Le mie parti preferite arrivano alla fine. L’insalata di rinforzo con cavolfiore, olive, acciughe, aceto e papaccelle, una particolare varietà di peperoni fatti sott’aceto, detti chiochiari. Viene servita come ultima portata e difficilmente riesco a mangiarla, anche perché devo riservare uno spazio per gli struffoli fatti da Amelia o da nonna Maria, la stessa che prepara un liquore al mandarino eccezionale. Alle volte, ci sono anche i tipici biscotti napoletani: mostaccioli, roccocò, susamielli, ma ciò che più conta per me è il cesto.

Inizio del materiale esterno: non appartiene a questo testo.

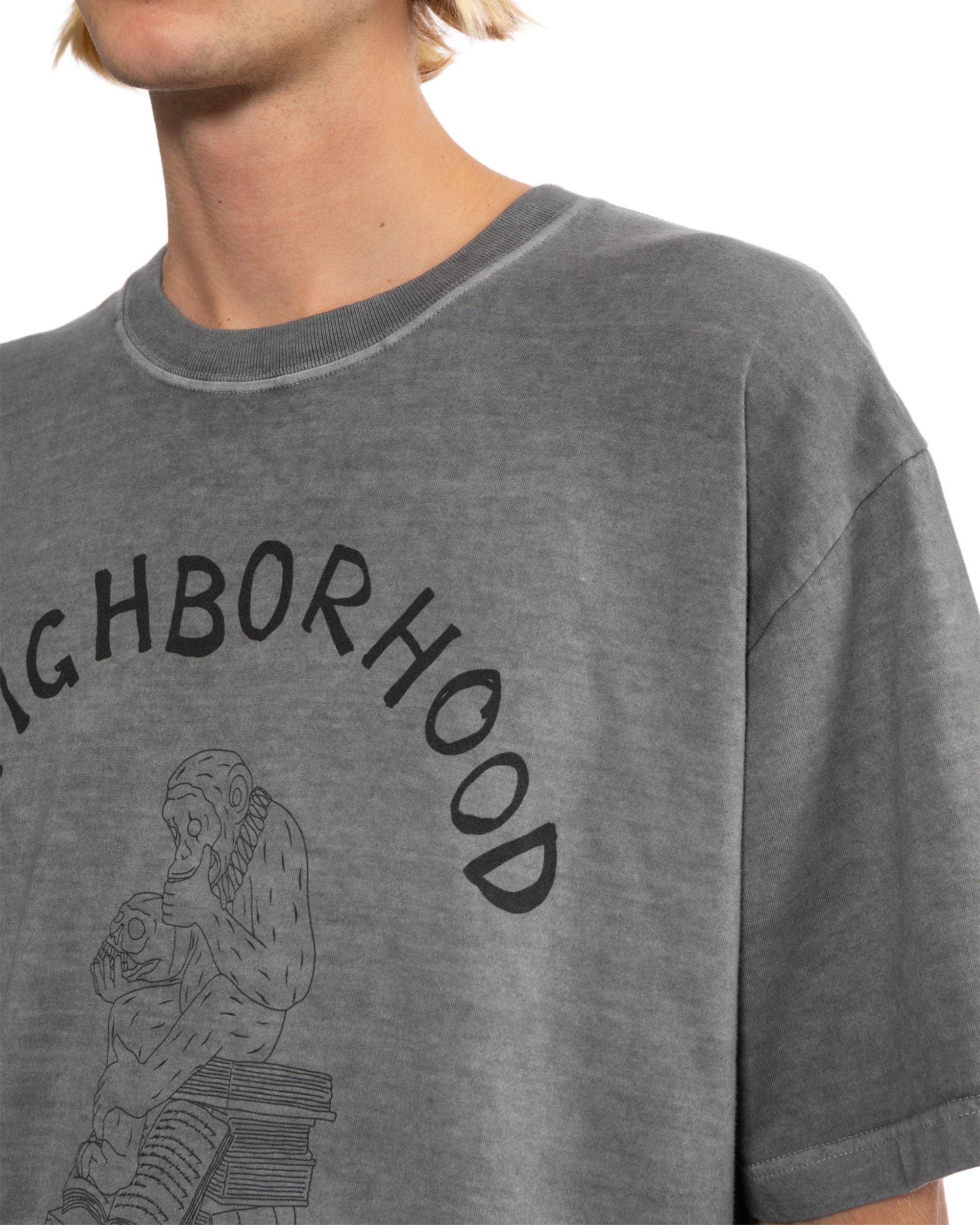 Graphic tee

La strenna di Natale fatta in casa
La tipica strenna natalizia, quella che le aziende regalano ai dipendenti. Confezionata, però, in casa da mio suocero, che da settimane prima inizia a girare per botteghe e supermercati alla ricerca di ogni bendidio. Funghi sottolio e salamini, torrone e panettone, ricciarelli, scorzette di agrumi ricoperte di cioccolato (le mie preferite), marron glacés, cuneesi o altri cioccolatini ripieni. È un momento magico, quello del cesto, si apre tutto e si imbandisce la tavola, per distribuire infine gli avanzi tra tutto noi.
La prima volta che ho trascorso il Natale con loro non riuscivo a comprendere bene questo gesto d’amore. Continuavo a chiedere a mio marito se il cesto fosse «solo» per noi, come fosse impossibile mettere tanto impegno senza avere un ospite d’onore. È stata questa la lezione che più di tutte ho appreso dalla mia nuova famiglia, il piacere di prendersi cura di sé, di preparare qualcosa in pompa magna solo per noi. La cena della Vigilia è importante se la si vive in questo modo, il cesto va riempito con ciò che più ci piace senza aspettare che lo faccia qualcun altro al posto nostro.
Cucinare per se stessi
«Ne avevo voglia e allora l’ho fatto» dice sempre mia suocera parlando delle crêpes o della padella con salsiccia e friarielli che porta orgogliosa in tavola. Prepara le pizzette per me e mio cognato, ricorda le preferenze di ognuno, ma non dimentica se stessa. Da buoni fuorisede, approdati a Pomezia con il sogno di mettere su famiglia, i miei suoceri hanno imparato a colmare la distanza da quella che era la loro casa ricreando tutto da capo, una cena alla volta, da soli. Consapevoli che ne valeva la pena. E che, anno dopo anno, quel cesto di Natale si sarebbe arricchito sempre di più.